Items from a data source
--

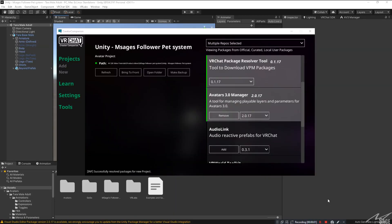Now, a part of the system does require the creator companion to be installed. You should have it installed because this is what's required in order to upload avatars to VRChat now. So when you have your project open in the creator companion, click on avatars 3.0 manager and make sure that it's installed to your project.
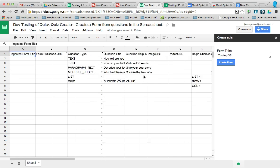So yeah, hopefully you like that. This goes great in conjunction with my Form Ingestor. So the Form Ingestor will populate this spreadsheet, and then you can utilize the Form Creator to create it. Okay, hopefully you'll like it.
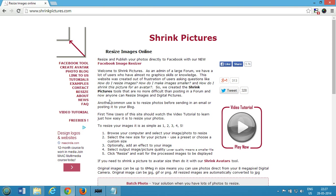Hi guys, this is Amit and in this video I'm going to show you an online tool called Shrink Pictures. You can access it by going to the URL shrinkpictures.com.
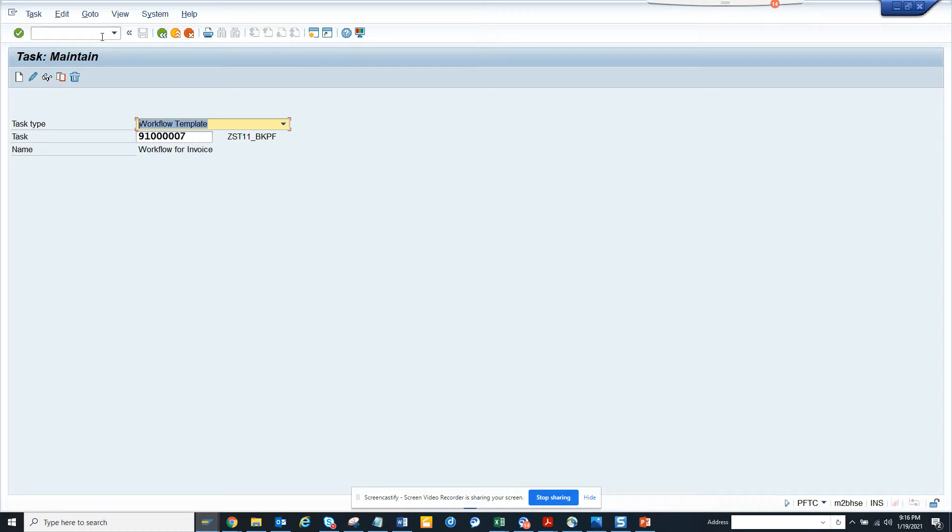Lots of times what happens is you might want a particular user or particular role to be notified of the completion of a particular workflow.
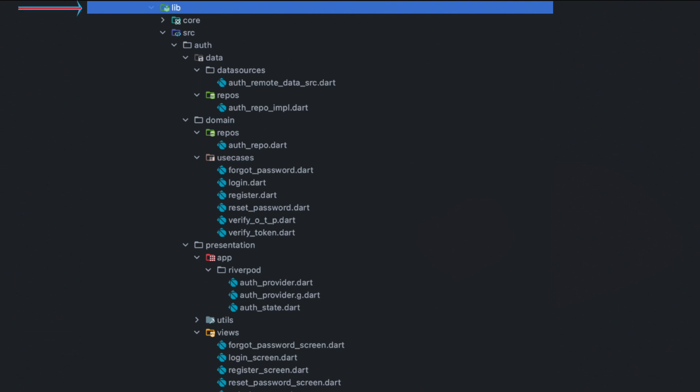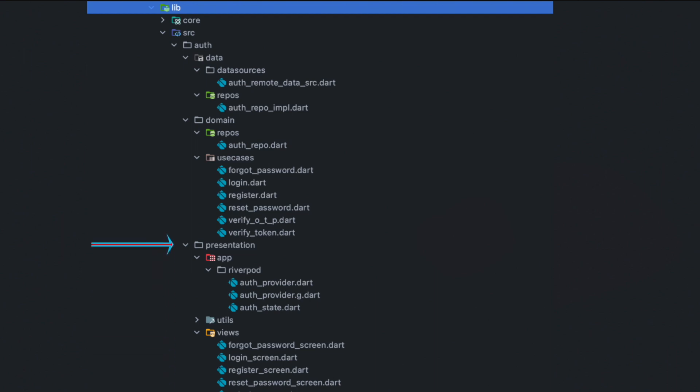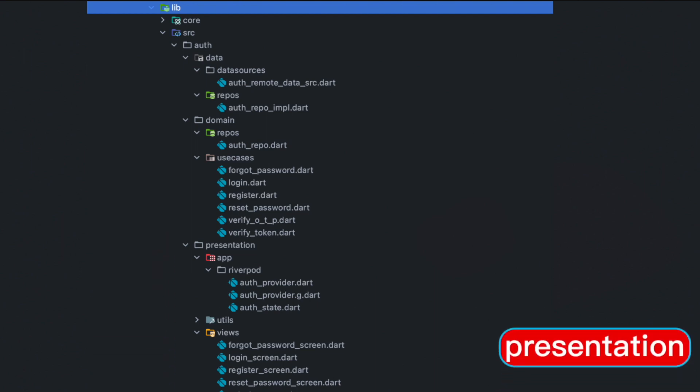This is the lib folder, and inside the lib folder we are going to create a source folder. Within the source folder we are going to create an auth folder, and within the auth folder next we are going to create a presentation folder. This is what we call a presentation layer.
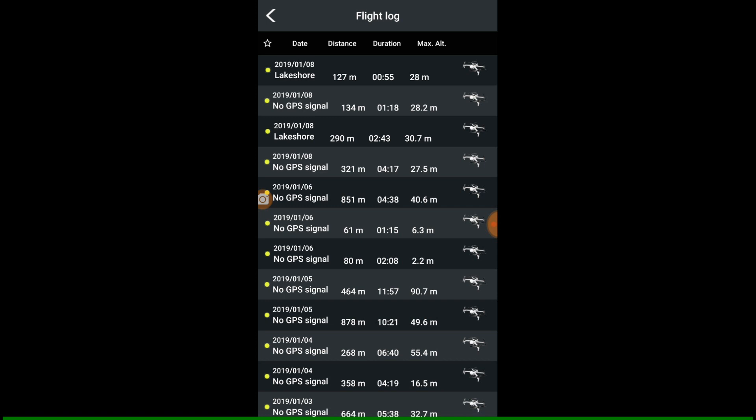But I don't see any difference because it gives you the GPS coordinates, everything else. So that's my flight log.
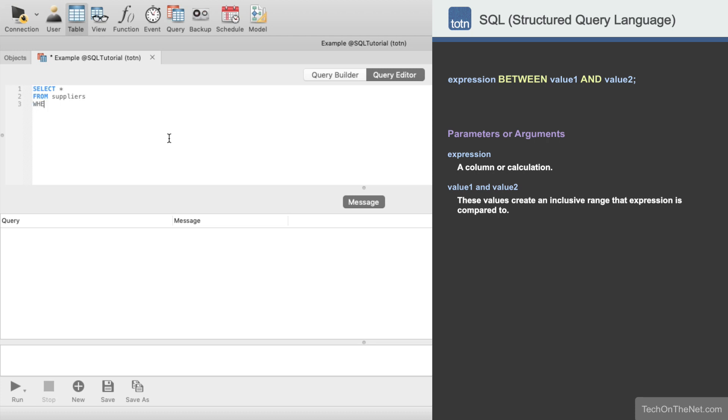Next we will enter the WHERE keyword to start our WHERE clause. This is where we will use the Between condition.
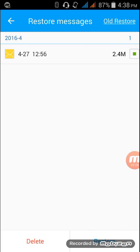That's how to backup and restore SMS using your Go SMS Pro. So thank you for watching this video, guys. Have a great day.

--

● **Task to carry out**:
Starting at the first line of the data, set down each line exactly until you have copied the line with "But I don't", but leave the pictures out.

● **Output**:
Now, a part of the system does require the creator companion to be installed. You should have it installed because this is what's required in order to upload avatars to VRChat now. So when you have your project open in the creator companion, click on avatars 3.0 manager and make sure that it's installed to your project.
So yeah, hopefully you like that. This goes great in conjunction with my Form Ingestor. So the Form Ingestor will populate this spreadsheet, and then you can utilize the Form Creator to create it. Okay, hopefully you'll like it.
Hi guys, this is Amit and in this video I'm going to show you an online tool called Shrink Pictures. You can access it by going to the URL shrinkpictures.com.
Lots of times what happens is you might want a particular user or particular role to be notified of the completion of a particular workflow.
This is the lib folder, and inside the lib folder we are going to create a source folder. Within the source folder we are going to create an auth folder, and within the auth folder next we are going to create a presentation folder. This is what we call a presentation layer.
But I don't see any difference because it gives you the GPS coordinates, everything else. So that's my flight log.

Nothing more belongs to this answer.